Adding Memory with Checkpointing

LangGraph supports persistent memory through checkpointers — enabling multi-turn conversations:

from langgraph.checkpoint.memory import MemorySaver

# Compile with memory
checkpointer = MemorySaver()
app = graph.compile(checkpointer=checkpointer)

# First turn
config = {"configurable": {"thread_id": "user-123"}}
result1 = app.invoke(
    {"messages": [{"role": "user", "content": "What's the weather in Paris?"}]},
    config=config,
)

# Second turn — agent remembers the conversation
result2 = app.invoke(
    {"messages": [{"role": "user", "content": "How about London?"}]},
    config=config,
)

Streaming Agent Steps

For real-time UI feedback, stream each step as it happens:

async for event in app.astream_events(
    {"messages": [{"role": "user", "content": "What is the population of Tokyo?"}]},
    version="v2",
):
    kind = event["event"]
    if kind == "on_chat_model_stream":
        # Token-level streaming from the LLM
        content = event["data"]["chunk"].content
        if content:
            print(content, end="", flush=True)
    elif kind == "on_tool_start":
        print(f"\n🔧 Calling tool: {event['name']}")
    elif kind == "on_tool_end":
        print(f"📋 Result: {event['data'].output[:200]}")

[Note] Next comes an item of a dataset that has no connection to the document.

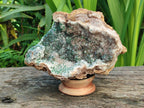 Natural Crystalline Silky Malachite and Quartz On Dolomite Matrix Specimen x 1 From Kambove, Congo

Customizing the Prebuilt Agent

The create_react_agent accepts several customization parameters:

from langgraph.prebuilt import create_react_agent
from langchain_core.prompts import ChatPromptTemplate

# Custom system prompt
agent = create_react_agent(
    model=llm,
    tools=tools,
    prompt="You are a research assistant. Always cite your sources. "
           "If you're unsure, say so rather than guessing.",
)

# With a maximum number of tool-calling steps
agent = create_react_agent(
    model=llm,
    tools=tools,
    prompt="You are a helpful assistant.",
)

ReAct Agent with LlamaIndex

LlamaIndex provides ReActAgent as part of its agent workflow system. It uses text-based ReAct prompting (Thought/Action/Observation format) rather than native function calling, making it compatible with any LLM — including open-source models that don’t support function calling.

Basic ReAct Agent

from llama_index.llms.openai import OpenAI
from llama_index.core.agent.workflow import ReActAgent
from llama_index.core.tools import FunctionTool
from llama_index.core.workflow import Context


# Define tools
def search_wikipedia(query: str) -> str:
    """Search Wikipedia for a query and return the first paragraph of the result."""
    import httpx
    url = "https://en.wikipedia.org/w/api.php"
    params = {
        "action": "query",
        "list": "search",
        "srsearch": query,
        "format": "json",
        "srlimit": 1,
    }
    resp = httpx.get(url, params=params, timeout=10)
    results = resp.json().get("query", {}).get("search", [])
    if not results:
        return "No results found."
    page_id = results[0]["pageid"]
    extract_resp = httpx.get(url, params={
        "action": "query",
        "prop": "extracts",
        "exintro": True,
        "explaintext": True,
        "pageids": page_id,
        "format": "json",
    }, timeout=10)
    pages = extract_resp.json().get("query", {}).get("pages", {})
    return pages.get(str(page_id), {}).get("extract", "No extract available.")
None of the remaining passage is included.